* What you should do
Please, without any pictures, set down exactly the part of the listing below that opens with the line containing "Vintage milk jars" and closes with the line containing "MERACH NovaRow R50".

* Supplied information
★ ★ ★ ★ ★
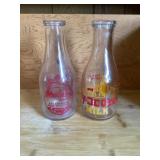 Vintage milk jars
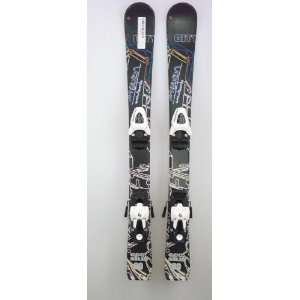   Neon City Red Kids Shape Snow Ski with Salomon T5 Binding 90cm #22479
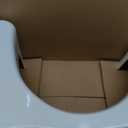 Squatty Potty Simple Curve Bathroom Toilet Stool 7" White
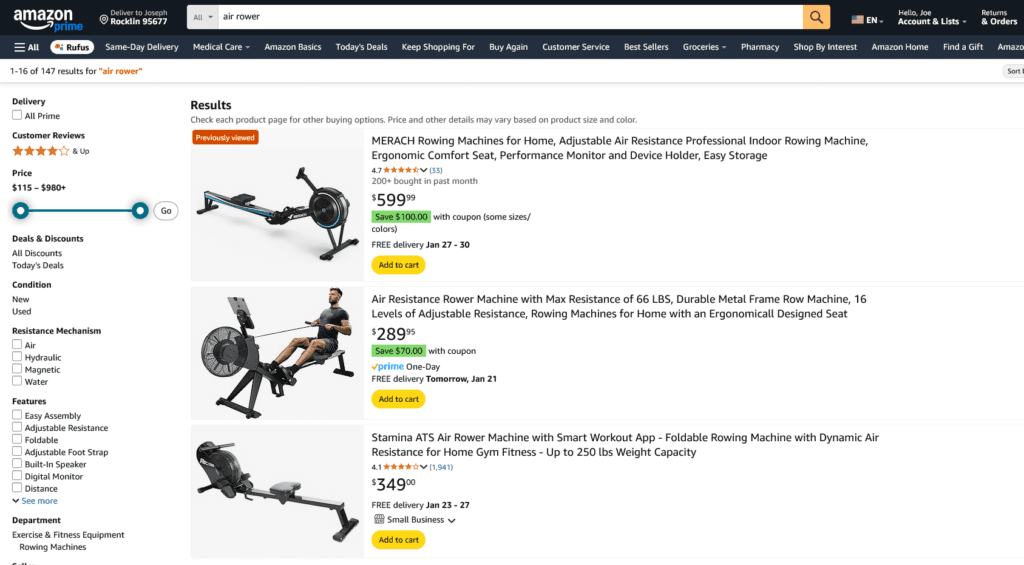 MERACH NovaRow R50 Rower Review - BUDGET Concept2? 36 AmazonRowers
★ ★ ★ ★ ★
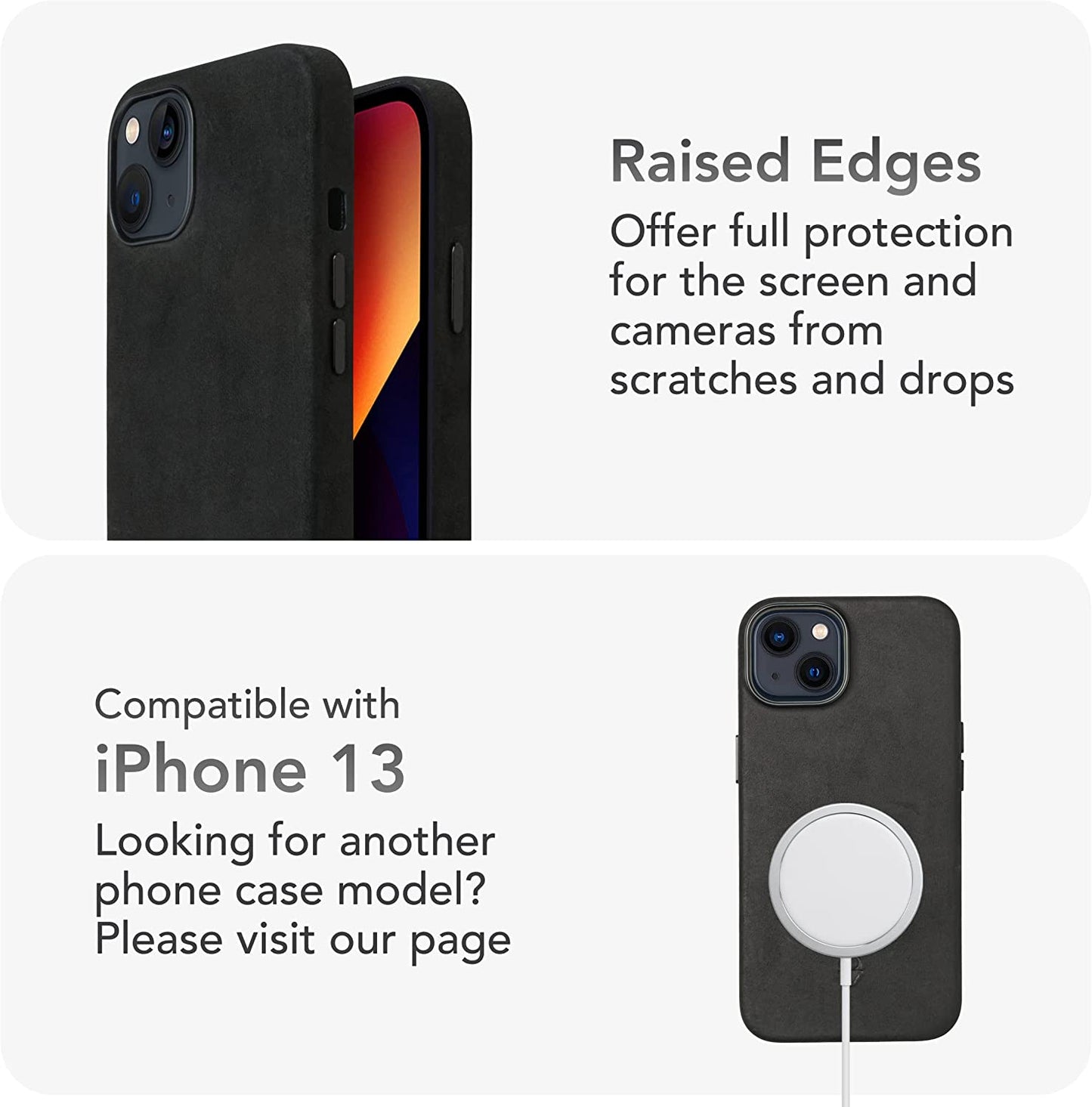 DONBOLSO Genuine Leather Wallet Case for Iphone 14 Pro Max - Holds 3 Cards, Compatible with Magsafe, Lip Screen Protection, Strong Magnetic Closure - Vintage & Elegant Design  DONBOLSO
★ ★ ★ ★ ★
* Exercise response
 Vintage milk jars
   Neon City Red Kids Shape Snow Ski with Salomon T5 Binding 90cm #22479
 Squatty Potty Simple Curve Bathroom Toilet Stool 7" White
 MERACH NovaRow R50 Rower Review - BUDGET Concept2? 36 AmazonRowers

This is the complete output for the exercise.